Ariel Prado, U3 Arts student, is one of two McGill students arrested during the November 10 demonstration on campus. Prado talked to The Daily about his experience and how he feels McGill responded to the events.
The McGill Daily: Were you at the tuition march during the day?
Ariel Prado: I was at the march all day, and then at some point somebody said something about them wanting more people at James Administration, that there was something going on over there. So I walked with a group of friends – we really had no idea what was going on – over to James Administration to check it out.
MD: How many people would you say were there at that point? Was there any action?
AP: When we got there…maybe closer to 50. There were a lot of people yelling, there was a woman and two security guards in front of the main door of James Administration and a couple security guards by the other door, just preventing people from coming in. There were rumours and people yelling in the crowd that there were people being held on the fifth floor, abused by the security – it was a lot of people yelling, and it was hard to tell whether it was people trying to incite the crowd or what was actually happening.
MD: When did the human chain around James Administration start? Were you part of it?
AP: The human chain started probably ten minutes after [student and former Daily news and features editor Niko Block] was on the megaphone. Maybe a little less, but well before the police arrived. For a while I was [part of it], and then that kind of broke up when the bicycle cops came…because a bunch of students went to stand in front of the bicycle cops so that they couldn’t keep coming forward. And then, that got violent, the bicycle cops tried to lift their bikes so they could push through the crowd, and in response students started throwing things at the cops, I don’t know how many, but at least one stick went flying into the crowd of cops.
MD: From what you saw, did students begin to throw things first?

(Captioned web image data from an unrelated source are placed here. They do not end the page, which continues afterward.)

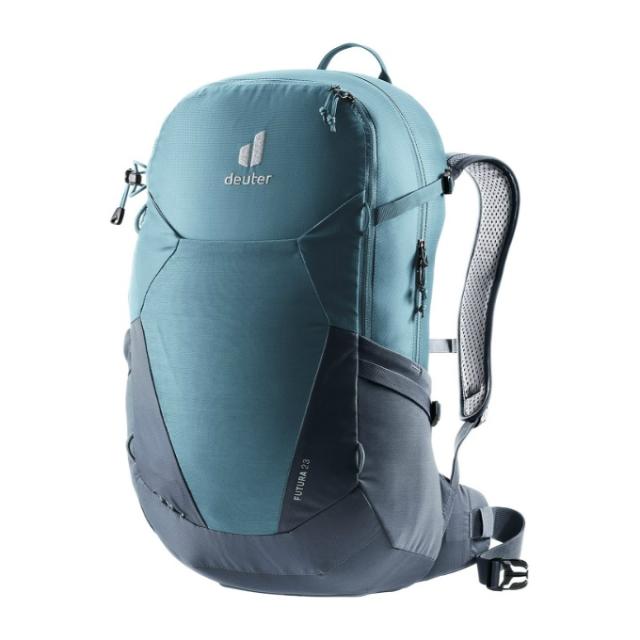 ドイター deuter バックパック メンズ レディース フューチュラ 23 FUTURA 23 D3400121-1374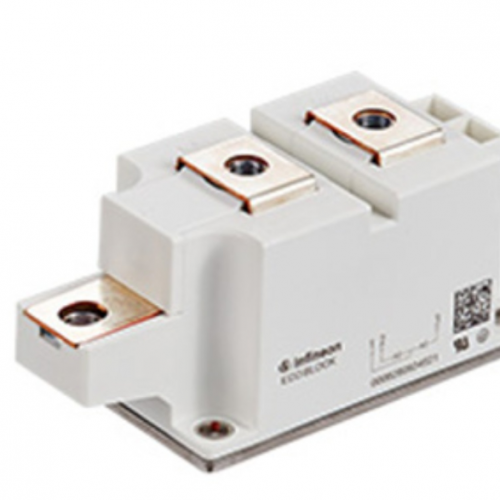 TD320N16SOF-G2137 Infineon Powerblock  AtlasCopco  KONECRANE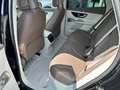 Mercedes-Benz EQE SUV EQE 350+ SUV AMG Panorama Hinterachslenkung Schwarz - thumbnail 9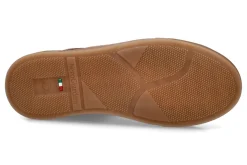 Lage sneakers NEROGIARDINI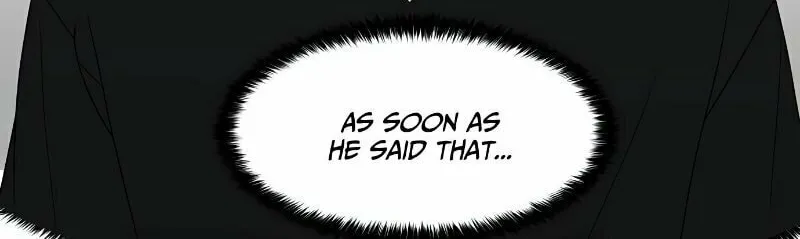 Read Miss 180 chapter 15 image 84 on Lezhin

AP: I don’t know if I can speak to that. From what I saw, cops were lifting their bikes and trying to push through the crowd first; it was already an incited environment, it was already an environment that felt like something violent was going to happen.
Eventually I ended up in a human chain in front of the main door of James Administration and, I think, it was five or six of us, and the idea, I guess, was…to block the main door so that nobody else could get out of the building…until students who were trapped on the fifth floor were let out. And, at that point we were talking a little bit with the security guards who were in front of the door, in between us and the door, and they kept saying that they didn’t know what was going on, but that, of course, McGill Security wouldn’t be abusing our students, and if they were abusing our students, then why wouldn’t they kick our ass too, or something like that.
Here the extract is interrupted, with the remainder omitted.